Diğer bir ganede eskiden Camcı Şakir’in dükkânının yanında bulunmakta,
yani Çarşı Camii’nin batı kısmına idi. Bugünkü Güneşli Camii’nin kuzey doğusuna
ve eski Sefa Market’in (şimdi Çarşı Market’in) karşısına düşen GÖKSOKU
Camii’nin önünde bir gane mevcuttu. Ceyhan mahallesinde Münir Baskı’nın evinin
havlusunda bir gane vardı. (şu an bu evin yerinde büyük bir mobilya mağazası
vardır) Ayrıca ÜMMET(HİMMET) BABA Camii ’sinin yanında da bir gane
bulunmakta idi, buna da cami ganesi denilirdi.
Bu ganelerin hizmet verebilmesi için yaz – kış bakımları çok önemli idi.
Onun içindir ki ciddi şekilde parasal kaynaklar gerekliydi. Yöre yöneticileri
memleketin can damarı olan bu konuyu akıl dolu bir şekilde çözmüşler. Bu ganelerin
bakım ve onarımla ilgili bir vakıf kurarak, bu konuya köklü çözüm getirmişlerdir.

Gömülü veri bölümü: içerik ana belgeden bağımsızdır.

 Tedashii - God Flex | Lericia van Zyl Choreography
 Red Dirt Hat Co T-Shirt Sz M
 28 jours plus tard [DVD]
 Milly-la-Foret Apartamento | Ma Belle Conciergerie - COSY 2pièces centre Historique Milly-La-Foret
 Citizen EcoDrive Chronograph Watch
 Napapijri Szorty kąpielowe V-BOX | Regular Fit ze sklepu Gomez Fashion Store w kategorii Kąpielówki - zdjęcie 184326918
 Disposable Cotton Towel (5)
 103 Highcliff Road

Bu ganelerin bakım masraflarını karşılamak için, Belediyenin Halk Ekmek
Fabrikası’nın yeri ve çevresinde yedi adet su değirmeni bulunmakta idi (bunlara
Köprübaşı’nın Su Değirmenleri denir. Ceyhan Nehri’nin büyük bir bölümü bu
değirmenlerin altından geçmekteydi. Güzelliğini burada ki sözcükler anlatmaya
yetmez. Daha sonra ki yıllarda şehir merkezine gelen büyük bir sel tarafından
sürüklenerek Ceyhan Nehri’ne karışmışlardır.).

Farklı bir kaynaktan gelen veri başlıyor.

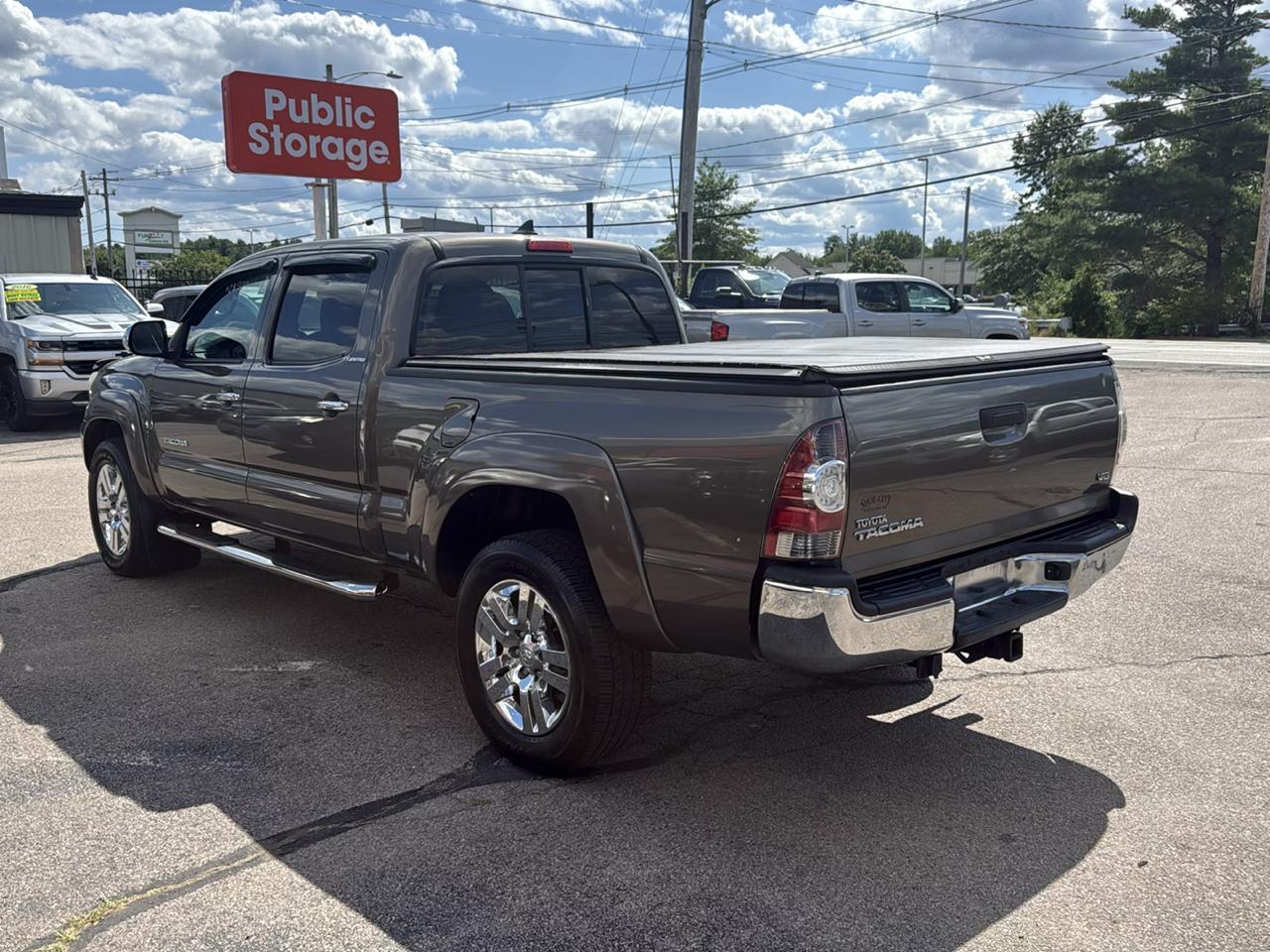 Toyota Tacoma Double Cab Long Bed V6 Auto 4WD 2013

Bu değirmenlerinin kazancı ganelerin ve pöhreklerin bakımına finansman
edilmiştir. Bunlardan başka fırın, leblebici dükkânı ve köşkerler ve demirciler
çarşısında 27 adet dükkânın kira gelirleri de bu oluşturulan vâkıfa devredilmiştir.
Böylece su şebekesinin bakım hizmetini eksizsiz bir şekilde sağlanmış olunuyordu.
Bu su şebekesi Elbistan ‘ın yıllarca su ihtiyacına cevap vermiştir. Günümüzde
de izlerine az da olsa rastlamak mümkündür.